• _Task requirements_: Filter the material, keeping only lines with the word "Isabel".

• _Excerpted records_:
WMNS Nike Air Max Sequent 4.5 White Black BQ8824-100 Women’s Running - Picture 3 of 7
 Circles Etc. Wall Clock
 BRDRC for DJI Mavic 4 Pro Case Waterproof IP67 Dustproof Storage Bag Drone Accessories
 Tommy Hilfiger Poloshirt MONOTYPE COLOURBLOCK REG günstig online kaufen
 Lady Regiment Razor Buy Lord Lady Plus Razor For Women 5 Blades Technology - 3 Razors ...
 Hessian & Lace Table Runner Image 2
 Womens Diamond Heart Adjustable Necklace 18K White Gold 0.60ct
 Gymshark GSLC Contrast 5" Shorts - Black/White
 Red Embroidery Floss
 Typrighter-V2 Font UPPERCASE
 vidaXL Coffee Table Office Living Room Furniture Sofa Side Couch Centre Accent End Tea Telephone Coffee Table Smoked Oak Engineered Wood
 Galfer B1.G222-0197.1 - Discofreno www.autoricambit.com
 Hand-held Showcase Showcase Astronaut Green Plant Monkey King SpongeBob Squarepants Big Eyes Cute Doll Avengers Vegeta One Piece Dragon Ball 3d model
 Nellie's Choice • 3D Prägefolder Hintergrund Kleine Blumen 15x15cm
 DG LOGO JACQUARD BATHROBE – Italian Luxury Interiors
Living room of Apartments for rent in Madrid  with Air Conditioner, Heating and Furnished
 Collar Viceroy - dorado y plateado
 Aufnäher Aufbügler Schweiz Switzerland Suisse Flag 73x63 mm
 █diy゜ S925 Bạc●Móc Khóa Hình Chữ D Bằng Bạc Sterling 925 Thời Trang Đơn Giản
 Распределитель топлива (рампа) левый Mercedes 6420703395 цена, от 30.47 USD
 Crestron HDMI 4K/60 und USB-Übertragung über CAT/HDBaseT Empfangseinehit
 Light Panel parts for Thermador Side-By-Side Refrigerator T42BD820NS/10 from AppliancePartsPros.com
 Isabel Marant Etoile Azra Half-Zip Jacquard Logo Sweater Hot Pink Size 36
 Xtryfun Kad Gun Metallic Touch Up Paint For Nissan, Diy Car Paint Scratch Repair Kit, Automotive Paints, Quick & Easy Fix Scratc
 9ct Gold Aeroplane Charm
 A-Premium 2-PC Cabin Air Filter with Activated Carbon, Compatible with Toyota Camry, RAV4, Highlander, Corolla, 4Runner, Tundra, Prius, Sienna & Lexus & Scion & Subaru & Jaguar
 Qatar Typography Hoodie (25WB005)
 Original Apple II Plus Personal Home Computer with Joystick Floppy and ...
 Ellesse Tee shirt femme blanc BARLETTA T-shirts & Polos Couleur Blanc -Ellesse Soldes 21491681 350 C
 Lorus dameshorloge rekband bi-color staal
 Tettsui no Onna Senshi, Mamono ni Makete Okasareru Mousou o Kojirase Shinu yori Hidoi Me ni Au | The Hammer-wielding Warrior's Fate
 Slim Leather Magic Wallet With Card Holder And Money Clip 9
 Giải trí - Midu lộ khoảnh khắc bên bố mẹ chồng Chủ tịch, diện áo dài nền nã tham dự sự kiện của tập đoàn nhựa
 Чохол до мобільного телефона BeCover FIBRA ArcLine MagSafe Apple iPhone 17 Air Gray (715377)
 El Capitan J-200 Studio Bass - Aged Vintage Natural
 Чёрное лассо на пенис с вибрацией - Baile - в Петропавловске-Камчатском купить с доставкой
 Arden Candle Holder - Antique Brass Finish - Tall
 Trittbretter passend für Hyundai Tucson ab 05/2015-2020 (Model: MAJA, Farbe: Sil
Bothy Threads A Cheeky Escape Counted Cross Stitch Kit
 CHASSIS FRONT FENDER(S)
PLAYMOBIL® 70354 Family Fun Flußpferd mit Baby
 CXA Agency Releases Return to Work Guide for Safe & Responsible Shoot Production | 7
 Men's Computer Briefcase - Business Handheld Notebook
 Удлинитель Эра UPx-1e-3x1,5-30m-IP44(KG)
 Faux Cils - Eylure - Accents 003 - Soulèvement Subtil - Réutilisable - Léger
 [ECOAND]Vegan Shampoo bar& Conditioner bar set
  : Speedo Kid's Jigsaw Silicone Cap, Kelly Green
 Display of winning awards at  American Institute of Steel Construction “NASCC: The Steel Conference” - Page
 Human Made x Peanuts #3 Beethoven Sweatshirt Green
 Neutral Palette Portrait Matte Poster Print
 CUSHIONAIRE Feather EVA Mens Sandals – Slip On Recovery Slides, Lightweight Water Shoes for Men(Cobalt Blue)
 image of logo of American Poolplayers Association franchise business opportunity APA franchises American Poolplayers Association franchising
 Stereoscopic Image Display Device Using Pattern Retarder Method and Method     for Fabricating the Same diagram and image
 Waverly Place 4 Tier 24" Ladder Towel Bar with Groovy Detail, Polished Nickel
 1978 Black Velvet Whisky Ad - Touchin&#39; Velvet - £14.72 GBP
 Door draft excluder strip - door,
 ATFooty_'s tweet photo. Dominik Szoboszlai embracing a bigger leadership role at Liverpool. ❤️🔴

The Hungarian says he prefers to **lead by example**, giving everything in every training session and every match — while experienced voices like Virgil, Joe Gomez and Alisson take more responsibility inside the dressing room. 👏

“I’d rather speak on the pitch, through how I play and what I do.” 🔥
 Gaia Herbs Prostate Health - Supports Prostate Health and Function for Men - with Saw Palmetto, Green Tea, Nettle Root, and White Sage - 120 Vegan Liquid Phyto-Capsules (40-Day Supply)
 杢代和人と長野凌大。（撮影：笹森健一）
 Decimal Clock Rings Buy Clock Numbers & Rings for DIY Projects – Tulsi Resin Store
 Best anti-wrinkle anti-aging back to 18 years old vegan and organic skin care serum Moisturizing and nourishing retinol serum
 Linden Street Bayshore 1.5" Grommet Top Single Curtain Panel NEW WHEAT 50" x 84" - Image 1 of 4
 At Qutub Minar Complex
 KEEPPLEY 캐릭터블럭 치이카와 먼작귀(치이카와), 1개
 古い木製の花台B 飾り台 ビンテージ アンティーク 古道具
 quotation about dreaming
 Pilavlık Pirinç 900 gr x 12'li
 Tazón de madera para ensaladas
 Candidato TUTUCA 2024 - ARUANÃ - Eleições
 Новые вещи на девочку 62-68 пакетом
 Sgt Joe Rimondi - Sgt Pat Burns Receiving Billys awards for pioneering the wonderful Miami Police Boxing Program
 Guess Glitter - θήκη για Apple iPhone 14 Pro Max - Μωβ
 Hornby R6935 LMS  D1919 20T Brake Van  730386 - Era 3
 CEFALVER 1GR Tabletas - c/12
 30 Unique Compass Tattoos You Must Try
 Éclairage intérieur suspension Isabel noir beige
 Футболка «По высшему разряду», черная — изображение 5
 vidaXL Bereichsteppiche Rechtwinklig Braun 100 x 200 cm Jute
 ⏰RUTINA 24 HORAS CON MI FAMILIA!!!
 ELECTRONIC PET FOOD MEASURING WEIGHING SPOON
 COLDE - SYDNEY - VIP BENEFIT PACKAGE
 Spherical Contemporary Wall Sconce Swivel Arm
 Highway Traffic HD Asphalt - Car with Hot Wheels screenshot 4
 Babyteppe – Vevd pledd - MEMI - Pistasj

• _Answer_:
 Isabel Marant Etoile Azra Half-Zip Jacquard Logo Sweater Hot Pink Size 36
 Éclairage intérieur suspension Isabel noir beige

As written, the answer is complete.